Warming days, starry nights in June
June is a fine month to get outside at night and enjoy the night sky. The temperatures are right, and with luck, a clear sky will reveal Venus, Mercury, Saturn, Mars and Jupiter - all easily visible to the naked eye during the month. Here's the new guide to Tonight's Sky, from the folks at Hubble Space Telescope.
June also marks the beginning of the three-month meteorological summer and the 2007 Atlantic hurricane season. But first, let's have a look back at May.
As we all know by now, May was a very dry month for Maryland, the fourth-driest on record at BWI. The airport say less than an inch of rain (0.94), compared with a long-term average of 3.89 inches. The month also ended last night 2.6 degrees warmer than average, making it the third-warmest May in the last decade.
The high temperature for the month was 92 degrees, reached at BWI last Saturday. The low was 36 degrees, on the 8th. The airport recorded 114 cooling degree-days. That's 43 DD, or 60 percent, above the long-term average. With BGE's electric rates jumping this month, we can only hope that trend doesn't continue.
So now comes June. Although the meteorological summer began today, the astronomical season arrives at 2:11 p.m. on the 21st. Some would argue that the longest day and shortest night of the year actually mark the middle of summer. After that, the days grow shorter as we head toward winter. And in fact June 21 is still celebrated as Midsummer's Day in some countries.
During June in Baltimore, the average daytime high temperature rises from 79 degrees to 86 degrees. The average overnight low climbs from the 50s to 64 degrees. The hottest days of the year still lie ahead, in mid-July.

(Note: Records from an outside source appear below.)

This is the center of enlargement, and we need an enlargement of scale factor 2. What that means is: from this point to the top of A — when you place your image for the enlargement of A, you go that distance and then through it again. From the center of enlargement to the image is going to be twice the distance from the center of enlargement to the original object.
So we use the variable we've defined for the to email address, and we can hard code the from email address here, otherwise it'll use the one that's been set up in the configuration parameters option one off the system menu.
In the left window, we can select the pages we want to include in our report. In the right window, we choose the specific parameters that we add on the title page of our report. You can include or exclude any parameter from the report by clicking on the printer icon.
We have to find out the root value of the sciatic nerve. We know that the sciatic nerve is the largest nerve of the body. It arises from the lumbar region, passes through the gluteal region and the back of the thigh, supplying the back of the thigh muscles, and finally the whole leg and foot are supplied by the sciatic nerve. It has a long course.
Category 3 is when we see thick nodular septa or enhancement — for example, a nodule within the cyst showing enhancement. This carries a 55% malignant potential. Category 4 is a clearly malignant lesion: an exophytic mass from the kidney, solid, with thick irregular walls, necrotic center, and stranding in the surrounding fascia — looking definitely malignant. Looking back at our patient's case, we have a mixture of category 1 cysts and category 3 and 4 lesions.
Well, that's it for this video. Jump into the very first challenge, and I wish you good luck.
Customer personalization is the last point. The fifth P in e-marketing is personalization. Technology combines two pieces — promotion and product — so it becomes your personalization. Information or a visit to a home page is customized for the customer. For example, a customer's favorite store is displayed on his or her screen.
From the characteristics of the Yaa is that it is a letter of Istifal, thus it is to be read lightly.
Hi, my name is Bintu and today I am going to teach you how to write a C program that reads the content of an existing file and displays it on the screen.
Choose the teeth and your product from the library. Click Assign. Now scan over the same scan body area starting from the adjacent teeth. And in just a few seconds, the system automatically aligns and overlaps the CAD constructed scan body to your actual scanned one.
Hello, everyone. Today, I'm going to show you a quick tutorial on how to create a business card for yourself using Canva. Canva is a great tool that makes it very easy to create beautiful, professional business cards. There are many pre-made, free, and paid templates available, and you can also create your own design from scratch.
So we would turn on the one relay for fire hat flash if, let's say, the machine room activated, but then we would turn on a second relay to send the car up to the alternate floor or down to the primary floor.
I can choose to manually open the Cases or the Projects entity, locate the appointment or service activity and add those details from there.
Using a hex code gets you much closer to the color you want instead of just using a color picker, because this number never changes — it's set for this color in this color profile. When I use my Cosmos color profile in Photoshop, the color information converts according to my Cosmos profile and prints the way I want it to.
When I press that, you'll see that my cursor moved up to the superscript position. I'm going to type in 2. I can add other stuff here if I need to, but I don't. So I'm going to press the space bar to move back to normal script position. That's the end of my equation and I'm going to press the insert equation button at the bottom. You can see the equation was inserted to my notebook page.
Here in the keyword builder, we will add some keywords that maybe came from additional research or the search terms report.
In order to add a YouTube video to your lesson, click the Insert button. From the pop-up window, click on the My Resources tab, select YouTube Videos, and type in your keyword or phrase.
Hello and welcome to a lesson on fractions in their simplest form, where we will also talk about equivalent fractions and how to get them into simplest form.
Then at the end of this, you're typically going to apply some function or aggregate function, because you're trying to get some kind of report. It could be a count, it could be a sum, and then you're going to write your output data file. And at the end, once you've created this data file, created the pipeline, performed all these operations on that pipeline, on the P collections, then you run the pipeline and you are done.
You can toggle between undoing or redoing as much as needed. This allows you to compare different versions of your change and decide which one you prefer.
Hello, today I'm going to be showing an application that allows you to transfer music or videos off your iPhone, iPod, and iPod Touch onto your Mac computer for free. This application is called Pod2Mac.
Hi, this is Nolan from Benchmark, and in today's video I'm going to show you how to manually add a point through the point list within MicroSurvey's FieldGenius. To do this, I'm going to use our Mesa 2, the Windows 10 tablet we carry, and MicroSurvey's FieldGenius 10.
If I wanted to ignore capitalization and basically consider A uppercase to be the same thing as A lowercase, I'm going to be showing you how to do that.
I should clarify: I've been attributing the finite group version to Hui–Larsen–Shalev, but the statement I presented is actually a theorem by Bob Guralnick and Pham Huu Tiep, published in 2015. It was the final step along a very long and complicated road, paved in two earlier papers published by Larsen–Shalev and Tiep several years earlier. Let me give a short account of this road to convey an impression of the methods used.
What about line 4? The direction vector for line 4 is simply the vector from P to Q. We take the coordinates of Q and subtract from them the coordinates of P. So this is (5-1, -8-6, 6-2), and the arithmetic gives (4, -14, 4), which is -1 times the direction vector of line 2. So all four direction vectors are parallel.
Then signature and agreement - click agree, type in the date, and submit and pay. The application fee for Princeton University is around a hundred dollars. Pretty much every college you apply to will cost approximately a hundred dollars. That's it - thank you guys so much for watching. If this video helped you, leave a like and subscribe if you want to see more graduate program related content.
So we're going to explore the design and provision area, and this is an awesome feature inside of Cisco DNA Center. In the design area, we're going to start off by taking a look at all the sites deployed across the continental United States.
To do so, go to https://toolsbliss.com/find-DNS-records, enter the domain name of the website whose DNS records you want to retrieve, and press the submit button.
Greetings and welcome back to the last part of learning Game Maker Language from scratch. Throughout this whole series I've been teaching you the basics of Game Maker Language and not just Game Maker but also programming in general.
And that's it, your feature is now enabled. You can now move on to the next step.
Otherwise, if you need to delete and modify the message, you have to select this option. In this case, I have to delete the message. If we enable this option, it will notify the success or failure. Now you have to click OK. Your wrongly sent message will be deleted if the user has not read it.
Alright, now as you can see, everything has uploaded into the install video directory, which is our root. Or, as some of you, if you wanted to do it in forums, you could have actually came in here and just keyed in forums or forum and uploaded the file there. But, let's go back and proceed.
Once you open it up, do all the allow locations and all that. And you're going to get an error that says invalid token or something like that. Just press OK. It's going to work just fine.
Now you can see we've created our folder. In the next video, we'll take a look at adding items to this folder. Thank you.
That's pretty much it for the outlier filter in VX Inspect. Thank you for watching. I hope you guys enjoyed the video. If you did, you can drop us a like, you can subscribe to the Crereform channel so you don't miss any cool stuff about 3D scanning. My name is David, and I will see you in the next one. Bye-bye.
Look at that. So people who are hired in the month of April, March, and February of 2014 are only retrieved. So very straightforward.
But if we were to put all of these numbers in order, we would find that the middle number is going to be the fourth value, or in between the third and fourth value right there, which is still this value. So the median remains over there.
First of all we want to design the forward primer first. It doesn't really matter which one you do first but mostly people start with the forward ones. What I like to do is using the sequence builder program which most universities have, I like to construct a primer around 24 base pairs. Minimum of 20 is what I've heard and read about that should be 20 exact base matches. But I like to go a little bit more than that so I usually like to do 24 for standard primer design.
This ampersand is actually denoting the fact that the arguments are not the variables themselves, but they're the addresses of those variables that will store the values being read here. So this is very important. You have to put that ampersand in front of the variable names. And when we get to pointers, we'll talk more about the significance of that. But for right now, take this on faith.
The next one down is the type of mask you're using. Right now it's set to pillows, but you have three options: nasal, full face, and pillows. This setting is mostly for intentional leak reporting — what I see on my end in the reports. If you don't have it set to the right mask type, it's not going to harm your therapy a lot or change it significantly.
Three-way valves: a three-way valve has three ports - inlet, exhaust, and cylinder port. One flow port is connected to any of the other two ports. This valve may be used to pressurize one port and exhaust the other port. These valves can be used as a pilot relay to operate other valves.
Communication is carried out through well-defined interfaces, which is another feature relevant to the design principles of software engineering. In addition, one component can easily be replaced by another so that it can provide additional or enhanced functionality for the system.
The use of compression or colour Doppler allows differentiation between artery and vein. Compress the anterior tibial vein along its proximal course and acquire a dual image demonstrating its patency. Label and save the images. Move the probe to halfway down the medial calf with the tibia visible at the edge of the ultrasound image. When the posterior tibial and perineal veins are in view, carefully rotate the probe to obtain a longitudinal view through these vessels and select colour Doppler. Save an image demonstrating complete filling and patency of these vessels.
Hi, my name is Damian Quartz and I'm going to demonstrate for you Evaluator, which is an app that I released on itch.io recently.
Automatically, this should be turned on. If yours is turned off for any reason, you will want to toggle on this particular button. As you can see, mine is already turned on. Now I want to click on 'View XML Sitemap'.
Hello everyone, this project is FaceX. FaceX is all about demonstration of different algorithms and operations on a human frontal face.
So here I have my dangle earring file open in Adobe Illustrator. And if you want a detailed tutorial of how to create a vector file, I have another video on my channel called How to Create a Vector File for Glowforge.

Among the weather memories we can toss around this month are last year's week-long deluge of rains, pumped northward out of the tropics between the 23rd and the 28th. Before it was over BWI had recorded almost 6 inches of rain.
This month also marks the 35th anniversary of Hurricane/Tropical Storm Agnes. The storm was only briefly a hurricane, but was nevertheless the costliest natural disaster in the U.S. at the time, causing more than $3.1 billion in damage ($14.9 billion adjusted for inflation). The storm and the resulting flooding also killed 117 people, according to the National Oceanic and Atmospheric Administration.
In Maryland, the heavy rain and flooding caused $110 million in damage (in 1972 dollars) and killed 19 people, the third-highest state death toll, after Pennsylvania and New York.